“Sedang apa kamu di kamarku?” tanya Raka yang baru saja tiba di kamar.
Adara terdiam, dia nampak tak paham dengan apa yang dikatakan Raka kepadanya.
“Bukankah ini juga kamarku, kita sudah sah menjadi suami istri. Wajar jika aku berada di kamar ini,” ucap Adara dengan tersenyum simpul.
“Status kita memang suami istri. Tetapi kamu tidak tidur di sini, tanda tanganilah surat ini!” jelas Raka dengan menyimpan secarik kertas di atas ranjang.
Adara mengambil secarik kertas dan membacanya. “Ini apa?” tanya Adara.
“Semua tidak geratis, Sayang. Cepat tanda tangani surat perjanjian itu segera. Semua perlu pengorbanan, Adara,” ucap Raka tersenyum miring.
“Kenapa kamu melakukan ini padaku? apa salahku?” tanya Adara dengan hati bergetar.
“Aku akan memberimu waktu 8 bulan untuk membantuku bisa sembuh seperti sedia kala. Setelah aku bisa berjalan, kamu bisa pergi semaumu dan kontrak pernikahan kita selesai. Setelah itu kita berpisah, aku akan memberikanmu lima persen saham yang aku tanam di perusahaan ayah. Bagaimana semua itu sepadan bukan dengan apa yang ayahmu inginkan? kamu tak perlu khawatir lagi dengan nasib keluargamu.”
Hati Adara sungguh hancur, bagaimana bisa janji suci yang baru saja Raka ucapkan baginya hanya permainan semata.
Mau tak mau Adara menandatangani surat perjanjian bersama Raka, luruh sudah air mata yang sedari tadi membendung di pelupuk matanya.
“Kamarmu ada di sebelah, sudah sana pergi aku mau istirahat. Oh ia satu hal lagi, besok kamu harus menemui bu Hanifah. Banyak belajarlah kepada beliau!” jelas Raka.
Tanpa berkata lagi Adara segera beranjak dari ranjang, ia berjalan gontai keluar dari kamar pengantin mereka. Tanpa merasa bersalah sedikitpun, Raka enggan menatap wajah istrinya yang pergi meninggalkan dirinya.
Malam pertama yang di gadang-gadang akan seromantis seperti di dalam drama-drama korea yang sering ditonton, namun nyatanya malam pertama kelam yang Adara dapatkan.
“Kenapa hidupku seperti ini, ibu … sakit sekali di sini, apa ini yang dinamakan pernikahan tanpa cinta?” ucap Adara seraya meremas pakain yang ia kenakan.

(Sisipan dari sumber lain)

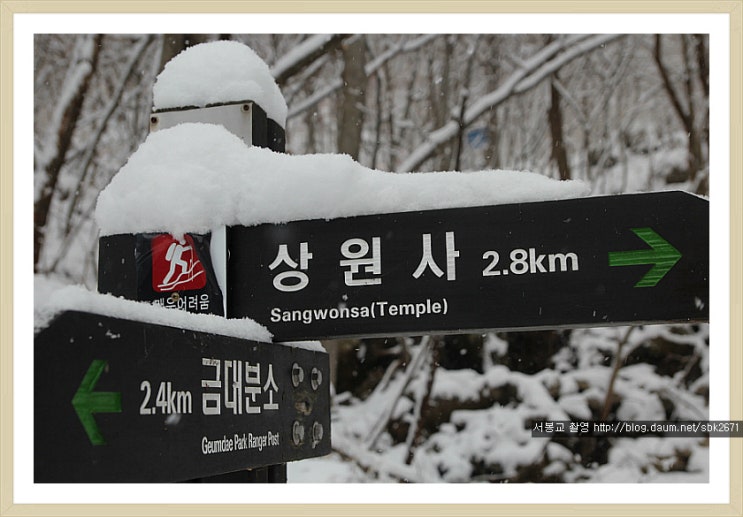  하류에서 / 전윤호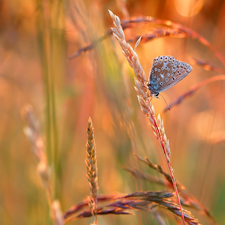 blades, butterfly, Dusky Icarus, grass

Bulir-bulir air mata pun membasahi wajah cantik Adara. Mau bagaimana lagi nasi sudah menjadi bubur, keputusan-nya untuk menikah dan menjadi istri Raka tak bisa diubah, apalagi perjanjian yang sudah ditandatangani.
“Aku pasti bisa, bukankah hanya 8 bulan saja aku harus bertahan dan menjadi istrinya, setelah itu aku bisa pergi dari kehidupan dia selamanya.”
Di dalam sana Raka memikirkan bagaimana kehidupannya selanjutnya, satu atap dengan wanita yang baru ia kenal. Apakah Adara bisa membantu Raka sembuh selama delapan bulan kedepan?
***
Pagi-pagi sekali Adara sudah membuatkan sarapan untuk sang suami, dia langsung masuk ke kamar suaminya dan membangunkan-nya
“Selamat pagi Mas, ayo bangun kita sarapan bersama,” pinta Adara yang duduk di tepi ranjang memabangunkan suaminya perlahan.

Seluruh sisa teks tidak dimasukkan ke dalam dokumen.